Southern Brave are making vital errors when trying to trim their talented squad into a successful XI. It will be interesting to see how quickly they recognise those errors and correct them, it might just be a little too late.
Chris Jordan in action
Originals making the most of home knowledge
Just minutes after Manchester Originals registered a comfortable victory on Sunday night, chasing down an 88-run target in just 73 balls, Ben Stokes took to Twitter to voice his opinion on the spectacle.
“What a horrific wicket at Old Trafford,” he wrote. There’s no doubt the competition organisers weren’t too happy either, a low scoring affair on an Old Trafford pitch turning square probably wasn’t what they were looking for when they announced a new competition aimed at bringing in new fans to the sport, but there was one group of stakeholders who were no doubt pleased by what had unfolded before them: the Manchester Originals thinktank.
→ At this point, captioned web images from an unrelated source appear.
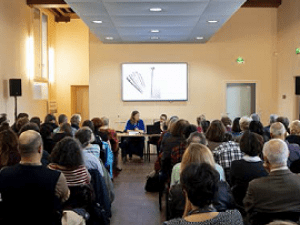 Un groupe de personnes participant à un colloque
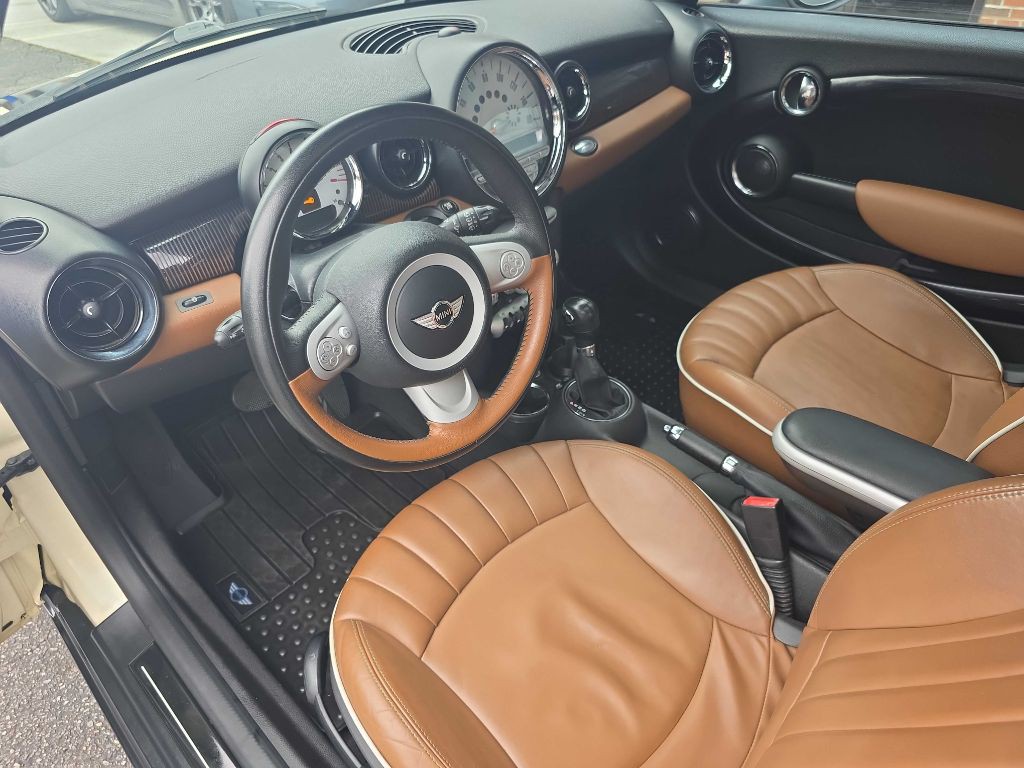 2010 MINI Cooper Image 10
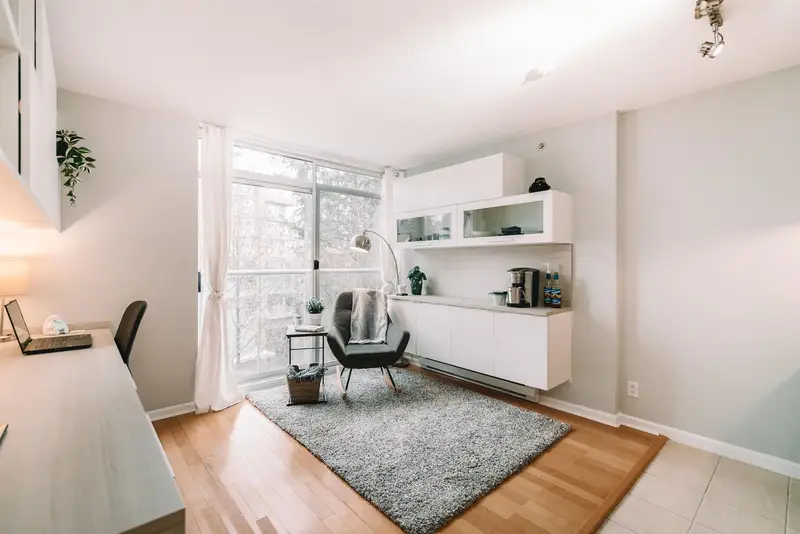 302 9288 UNIVERSITY CRESCENT - photo 2 of 21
For the last few years this tactic is something Lancashire have, at times, deployed at Old Trafford in the T20 Blast. Pitches have perhaps not been quite as favourable to spin as it was on Sunday but add in the larger boundary dimensions, particularly square, and it’s been enough to give them a serious competitive advantage.
Such a successful strategy has no doubt had an impact on the planning around the Manchester squad, with Lancashire duo Matt Parkinson and Tom Harley leading the spin attack alongside wildcard pick Calvin Harrison. They combined to bowl 59 of the 84 balls Birmingham Phoenix managed to survive and returned figures of 6 for 49, Parkinson’s 4 for 9 the standout.
Despite such a dominant display the current Originals squad is pretty average in standard terms, relative to the rest of The Hundred field, as their loss to Oval Invincibles in their opening fixture showed.
They have flaws but their considerable home advantage, and a group of players who know how to exploit it, could make up for that.
Taking advantage of the things you can control, such as home conditions, and as a result winning all of your home games (while avoiding the rain - which of course Manchester ‘failed’ to do on Wednesday) should leave sides needing one, possibly two wins away from home to sneak into the top three.
This is something Chennai Super Kings and Guyana Amazon Warriors have been able to execute in the IPL and CPL in recent years. Once in the finals, the beauty of variance in limited overs cricket can be in your favour, Manchester Originals just may prove that theory correct throughout the rest of The Hundred campaign.